The 2000 Japan Series was the championship series of Nippon Professional Baseball (NPB) for the season. The 51st edition of the Series, it was a best-of-seven playoff that matched the Central League champion Yomiuri Giants against the Pacific League champion Fukuoka Daiei Hawks.
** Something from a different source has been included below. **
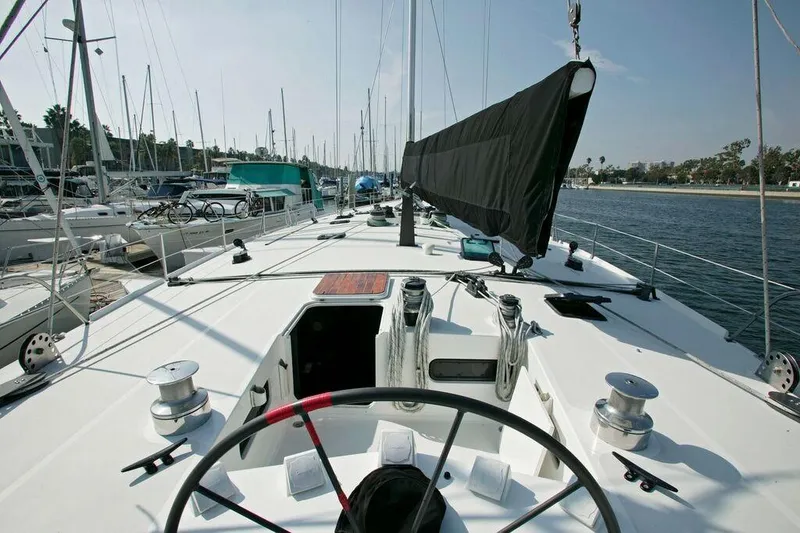 Slide: The Image of Custom 100' Sailing Yacht 1996, docked in a marina, view of deck and helm. - 19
With the Hawks trying to win their second consecutive championship, the press dubbed it the "ON Series" because of the managers on both sides: Sadaharu Oh for the Hawks and Shigeo Nagashima for the Giants; the two were teammates in the 1960s and 1970s, and their combined hitting prowess gave them the nickname, "O-N Cannon." The Giants won the Series in six games for their first championship in six years.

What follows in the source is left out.